Subsection 115-34(3) of the ITAA 1997 also applies to treat Holdco as having acquired the shares in Subco when the Trust acquired them (being less than 12 months ago) for the purposes of the tests in subsections 115-45(4) and (6).
Application of subsections 115-45(3) to (5) of the ITAA 1997
First condition - Beneficial ownership of 10% or more of the value of the shares
If the taxpayer and their associates beneficially own at least 10% by value of the shares in the company, just prior to the CGT event, the first condition of section 115-45 of the ITAA 1997 will be satisfied.
At the time of the proposed CGT event, the Trust would own 100% of the shares in Holdco however, this is not beneficial ownership. The information provided in the private ruling application is insufficient to determine beneficial ownership of the shares in Holdco.
Therefore the Commissioner can only advise that were the associates of the Trust to beneficially own at least 10% of the value of the Holdco shares then the first condition would be met.
Second condition - Cost bases of new assets are more than 50% of all cost bases of entity's assets
If the total of the costs bases of the CGT assets the company owns at the time of the CGT event and had acquired less than 12 months before the CGT event is more than 50% of the total cost bases of all the CGT assets that the company owned at the time of the CGT event, then the second condition will be satisfied.

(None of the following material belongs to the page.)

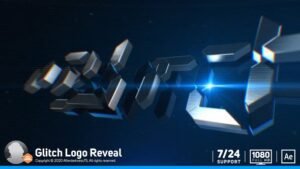 Read more about the article Glitch Logo Reveal – Videohive 14137544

Holdco's only asset would be the shares in Subco. The shares in Subco would be deemed to have been acquired when the Trust acquired them, in accordance with section 115-34(3) of the ITAA 1997, which would be the date of the second rollover which will be within 12 months of the time of the proposed CGT event.
Therefore, greater than 50% of Holdco's assets will have been held for less than 12 months at the time of the proposed CGT event. The second condition would be met.
Third condition - Net capital gain on entity's new assets would be more than 50% of net capital gain on all the entity's assets
Assume a disposal at market value of all the company's CGT assets just before the CGT event, if the net capital gain from the assets acquired less than 12 months before the CGT event is more than 50% of the net capital gain from the total assets owned by the company just before the CGT event, then the third condition would be satisfied.
Holdco's only assets would be the shares in Subco. Assuming a notional sale of the shares just before the proposed CGT event, more than 50% of the net capital gain would be attributable to the shares which have been held for less than 12 months at the time of the proposed CGT event. The third condition would be met.
Conclusion
Therefore, on the basis that the three conditions in section 115-45 of the ITAA 1997 have been met the discount capital gain treatment will be denied in relation to the proposed CGT event by the operation of subsection 115-45 of the ITAA 1997.